# Angry Cows Silver Question

I’m still not sure if your algorithm is correct for this version of the problem. We can only drop cows where haybales are, and what your algorithm does is drop a cow so that it just reaches the leftmost unexploded bale.

I did not see such requirement, and it passed the USACO online judge.

we’re talking about a modified version of the problem here…

I have a O(n\lg^2 n) solution with your adjusted problem.

First do binary search, then do dynamic programming.

let \text{dp}[i] be the minimal amount of cows needed to make 1-i covered.

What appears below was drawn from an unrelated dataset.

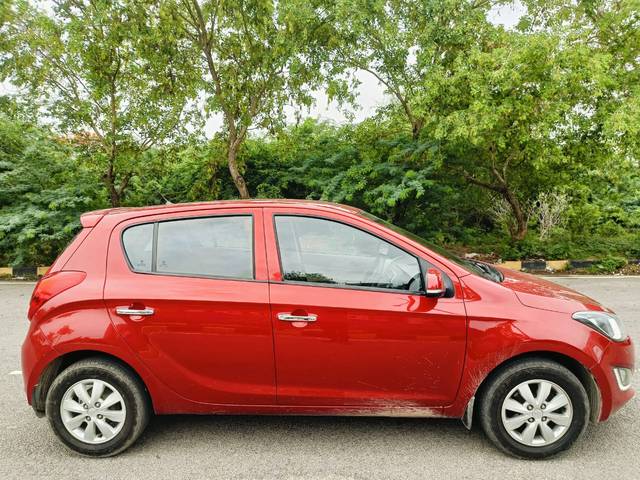 https://images10.gaadi.com/usedcar_image/4564807/original/02564bb440b52b3f83ace4a0b74e3a7c.jpg?imwidth=6401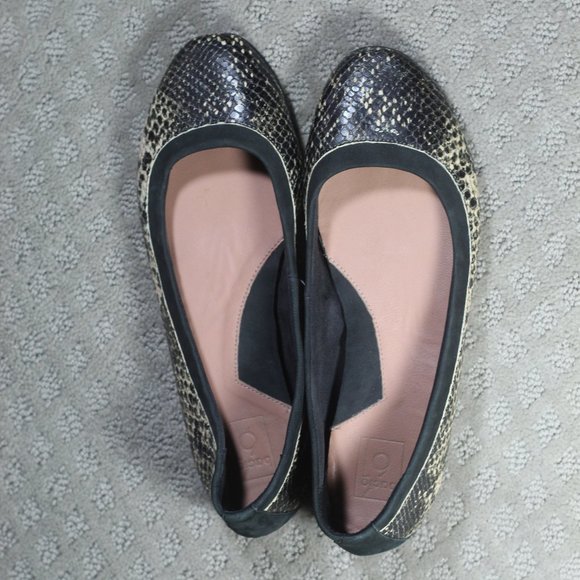 Bacio 61 Size 9.5 Snakeskin Flats - Picture 2 of 3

then we binary search l and r, which is the first element of x[] out of the [x[i]-mid,x[i]+mid].

Then \text{dp}[k] = min(\text{dp}[k],\text{dp}[l]+1) \text{ where [l<k<r]}

This can be optimized into O(n \lg n) using segment tree. Considering the binary search that we did initially, the time complexity is O(n\lg^2 n)

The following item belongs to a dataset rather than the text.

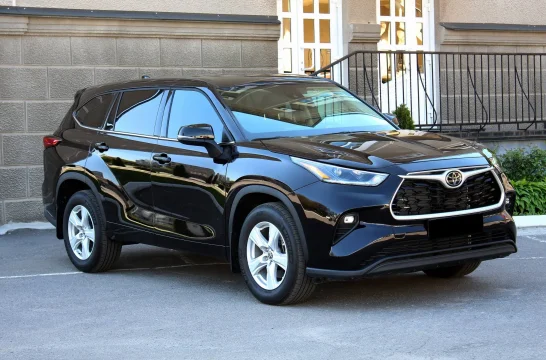 Toyota Highlander Schwarz 2022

The dp is a range minimum where the left endpoint moves monotonically right, which can be done in O(N) time with a deque.

But you can notice that you don’t even need a range minimum, since the dp table is monotonically increasing (if you define it to be dp[i] = covering at least cows 1 through i). So it can be done with two pointers in O(n), more or less equivalent to the greedy solution.